Synthetic media, fueled by the latest boom of GenAI models, holds immense potential for creativity, storytelling, and innovation. However, its application also raises critical questions about transparency, ethics, and regulation. A balanced, nuanced framework is essential to distinguish between creative uses and potentially harmful applications and thus a need for regulation. This post unpacks the context, key roles, regulatory needs, and mechanisms for disclosure, offering a roadmap to approach synthetic media responsibly. This blog posts builds mainly on the prior work, especially the [Synthetic Media Framework](https://syntheticmedia.partnershiponai.org/) from Partnership of AI.
1. Context and Relevance
Not all synthetic media demands scrutiny or regulation. Many instances, such as artistic or surreal creations, don’t pose harm.
However, regulation becomes critical when synthetic media is employed maliciously, especially to mislead, harm, or deceive.
Key scenarios where synthetic media should be clearly marked:
Misrepresentation of individuals or entities: Deepfakes or synthetic portrayals that inaccurately depict real people, organizations, or events.
Creation of photorealistic personas: Fabricated representations of people engaging in actions, behaviors, or making statements they never did.
Manipulation of authentic media: Altering genuine content by adding or removing elements or generating fully synthetic scenes intended to deceive audiences.
2. Roles and Actors
Understanding the various actors involved in synthetic media is critical for creating effective regulatory and operational frameworks.
Developers
These are the builders of synthetic media technology and infrastructure. They include for instance:
B2B and B2C toolmakers
Open-source developers
Academic researchers
Creators
Individuals and organizations producing synthetic media range from:
Large-scale B2B content producers
Hobbyists, artists, and influencers
Civil society members, such as activists and satirists
Publishers
Entities distributing synthetic media fall into two categories:
Institutions with editorial oversight (e.g., media outlets, broadcasters): These organizations host and create first-party content, often editorially managing synthetic media.
Online platforms with passive hosting (e.g., social media platforms): These platforms display user-generated or third-party synthetic content.
4. Mechanisms for Disclosure
Effective transparency requires a combination of direct and indirect disclosure methods.
Direct Disclosures
Watermarks, Labels or Text clearly displayed on the media.
Audiovisual Disclosures in Videos and Audio files.
Indirect Disclosures (Machine-Readable)
Imperceptible watermarking: Embedded signals invisible to the human eye but detectable by technology.
C2PA (Coalition for Content Provenance and Authenticity): A standard for secure, machine-readable metadata that tracks content origin and modifications.
Regular metadata (IPTC): Information embedded within media files to describe its creation and transformation history.
Indirect Disclosures often provide the signals to direct disclose content for Publishers.

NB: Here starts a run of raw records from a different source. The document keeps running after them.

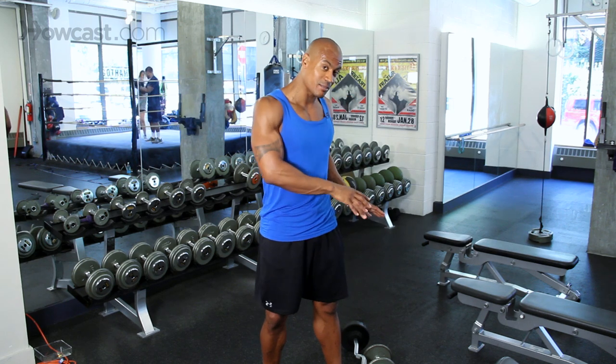So remember: the right weight, slow and controlled, up and down — then switch into another grip with the dumbbells using a hammer grip. That would be an awesome exercise for your biceps.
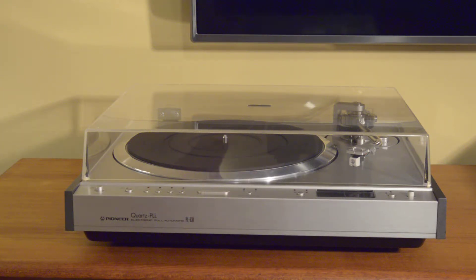Hey folks, I want to take a few minutes to talk about this Pioneer PL-630 in near mint condition.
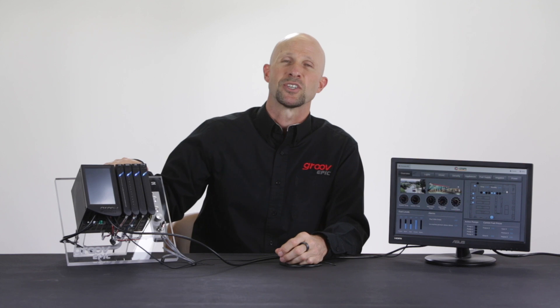If you're using a monitor without touch, simply plug in a USB keyboard to log in. So there you have it — how to configure the hardware and software options and connect your external HDMI monitor or touchscreen to the GrooveEpic processor.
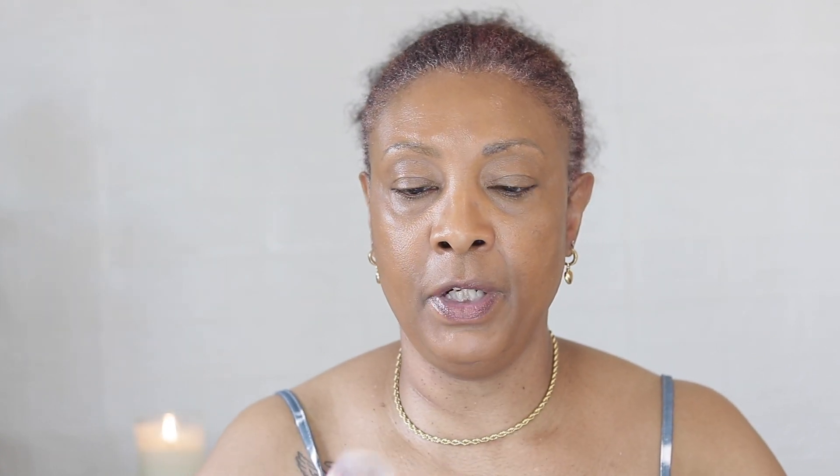We're going to go in with a pressed powder — I didn't want to use loose powder this time. This is the Perfecting Powder in Romance Flower; I got this from Temu. Let's just set this in all the spots where we put concealer, just to keep that concealer from rolling up.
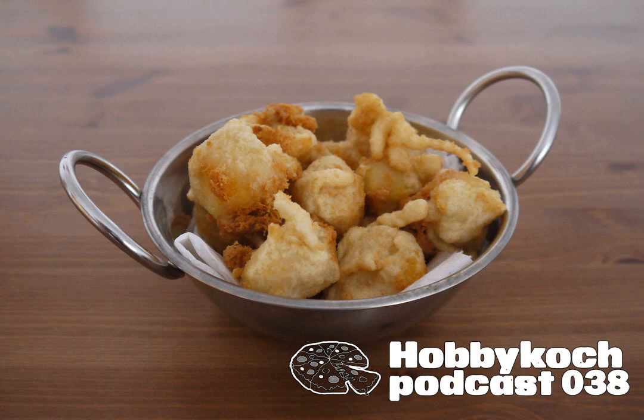Ihr könnt natürlich auch verschiedene Käsesorten mischen. Mein Ratschlag wäre: Auch wenn ihr würzige Käsesorten gerne mögt, würde ich die immer mit milden Käsesorten wie Gouda oder Emmentaler mischen, weil eben diese kräftigen Käsesorten, wenn sie erwärmt werden, ihr Aroma noch mal wesentlich stärker entfalten. Da kann es dann, auch wenn ihr dieses kräftige Aroma sonst mögt, schnell so eine Spur zu fies werden. Farblich sieht das Ganze auf jeden Fall schon mal exakt aus wie diese Schmelzkäsescheiben, also die als Chester-Scheiben bezeichnet werden.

E.g. C2PA metadata (indirect disclosure) can be recognised and validated by Publishers to trigger visible labels or Content Credentials (which are the visual representation of C2PA Metadata):
Conclusion
A holistic framework for synthetic media acknowledges the diversity of its use cases and stakeholders. By understanding the roles of developers, creators, and publishers and implementing robust transparency mechanisms, we can foster responsible innovation while safeguarding against misuse. Whether through visible watermarks or imperceptible metadata, effective disclosures are the key to maintaining trust in an increasingly synthetic world.